Exercise brief → Could you write out, exactly as they stand, only the lines in the listing below from the line with "Armor Pump AMR-RMW2.2G24.V" to the line with "아동학대방지 '지켜줄게, 너를' 발매", both ends included, without the pictures?

Given data →

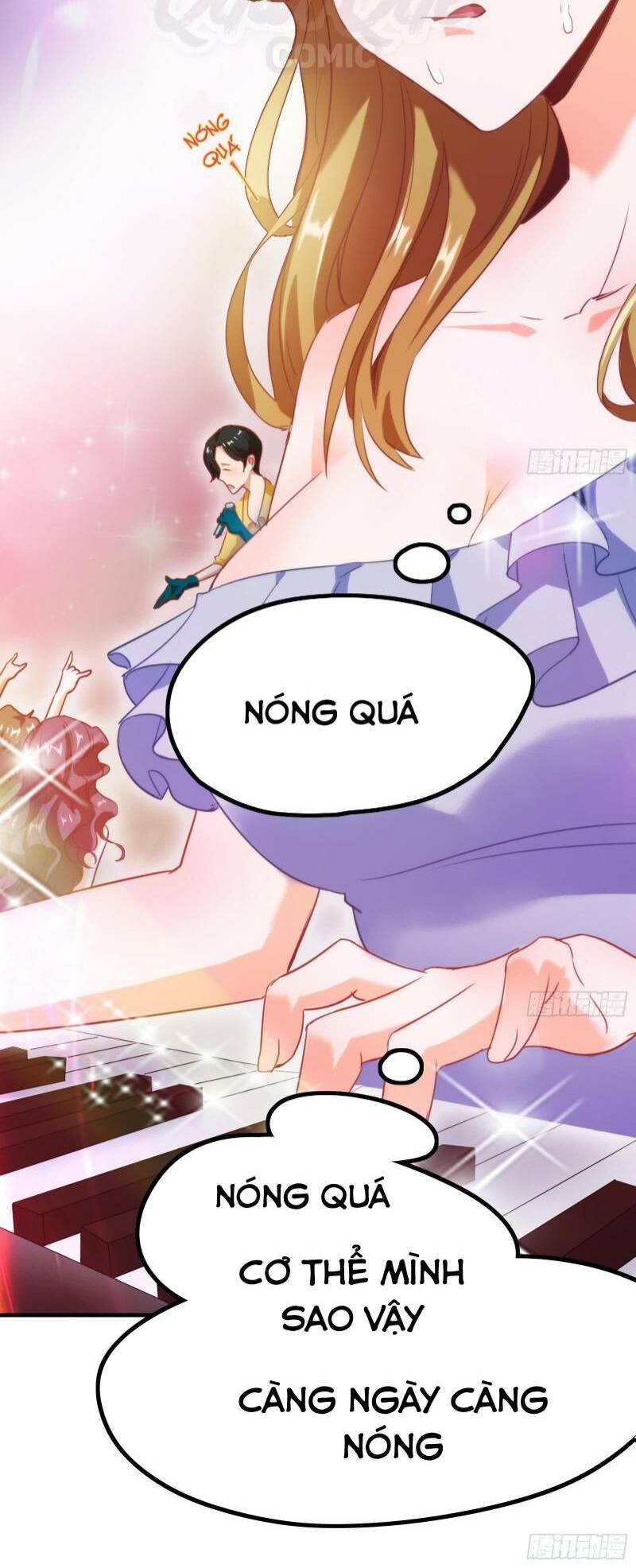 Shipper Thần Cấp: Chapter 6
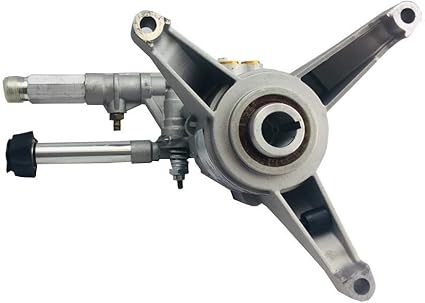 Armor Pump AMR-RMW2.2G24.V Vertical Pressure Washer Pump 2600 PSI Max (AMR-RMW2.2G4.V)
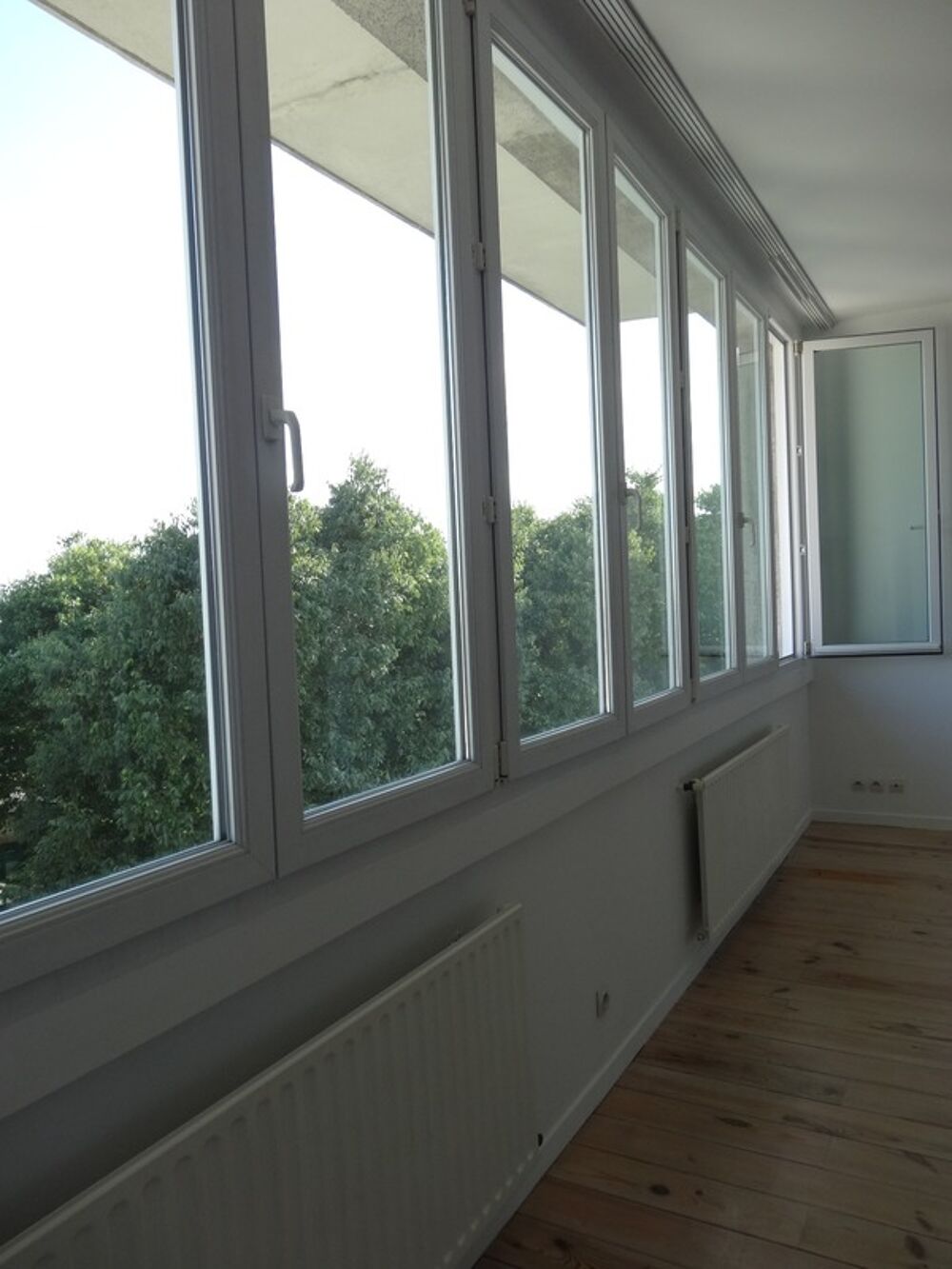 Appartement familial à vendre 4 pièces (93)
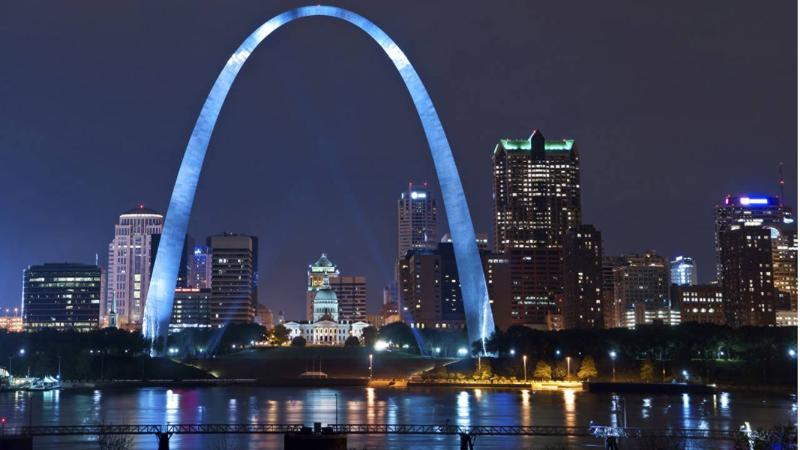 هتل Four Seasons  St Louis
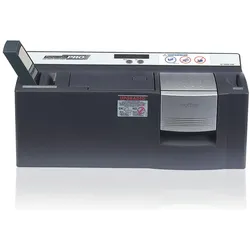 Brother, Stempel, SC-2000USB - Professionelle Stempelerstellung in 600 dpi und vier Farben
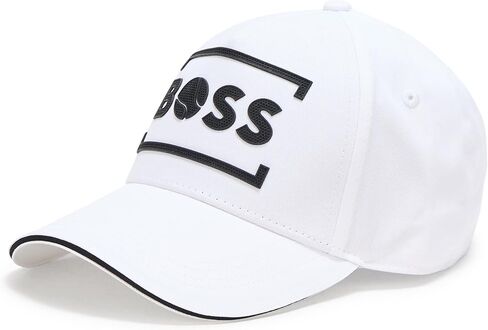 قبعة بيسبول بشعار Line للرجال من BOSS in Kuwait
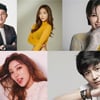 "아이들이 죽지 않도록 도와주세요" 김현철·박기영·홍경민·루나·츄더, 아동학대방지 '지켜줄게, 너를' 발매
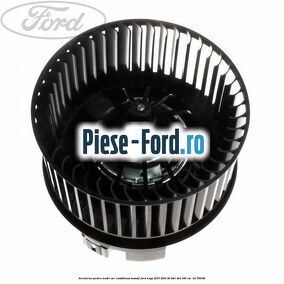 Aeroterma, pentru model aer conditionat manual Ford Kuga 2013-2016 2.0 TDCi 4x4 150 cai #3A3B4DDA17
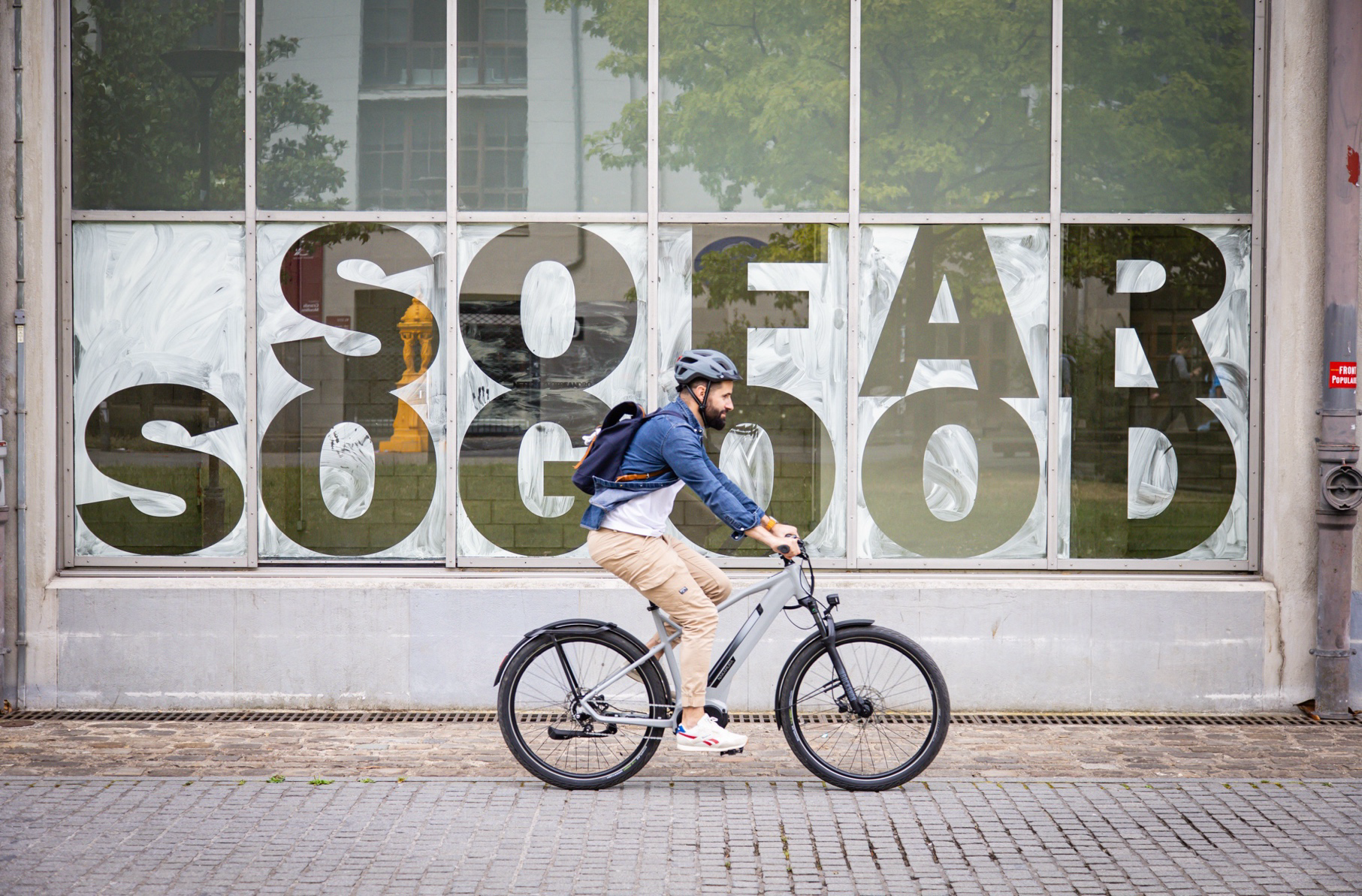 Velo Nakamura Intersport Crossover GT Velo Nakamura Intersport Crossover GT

Your response →
 Armor Pump AMR-RMW2.2G24.V Vertical Pressure Washer Pump 2600 PSI Max (AMR-RMW2.2G4.V)
 Appartement familial à vendre 4 pièces (93)
 هتل Four Seasons  St Louis
 Brother, Stempel, SC-2000USB - Professionelle Stempelerstellung in 600 dpi und vier Farben
 قبعة بيسبول بشعار Line للرجال من BOSS in Kuwait
 "아이들이 죽지 않도록 도와주세요" 김현철·박기영·홍경민·루나·츄더, 아동학대방지 '지켜줄게, 너를' 발매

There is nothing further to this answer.